Electron Orbital Angular Momentum Polarization in Neutral Atoms

TL;DR

This paper demonstrates a method to polarize electron orbital angular momentum in neutral atoms using a combination of the Zeeman effect and attosecond transient absorption spectroscopy, with controllability via experimental parameters.

Contribution

It introduces a novel approach to control electron orbital angular momentum polarization in neutral atoms through combined optical and magnetic techniques.

Findings

Asymmetry in absorption probability between mj=-1 and mj=1 states can be controlled.

Adjusting IR-XUV delay, magnetic field strength, and laser polarization angle influences polarization.

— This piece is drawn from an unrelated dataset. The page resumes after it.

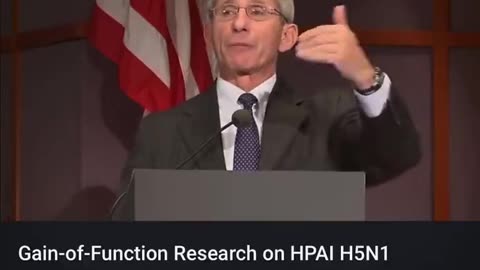 Dr. Fauci explaining ‘Gain of Function’ Research 11 years later we have a ‘predicted’ H5N1 ‘Outbreak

Potential applications in quantum computing, spintronics, and chemical reaction control.

Abstract

We demonstrate the polarization of electron orbital angular momentum (OAM) in neutral atoms by integrating the Zeeman effect with attosecond transient absorption spectroscopy (ATAS). Using density matrix simulations, we show that in a helium atom, the absorption probability asymmetry between mj=-1 and mj = 1 in the 1s2p state can be precisely controlled by adjusting the time delay between infrared (IR) and extreme ultraviolet (XUV) fields, the strength of an applied static magnetic field, as well as the angle between laser polarization and magnetic field direction. This approach has significant implications across various fields, including quantum computing, quantum communication, and spintronics. Moreover, it paves the way for advancements in applications such as manipulating chemical reactions control, tailoring the magnetic properties of matter, and enabling novel laser emissions.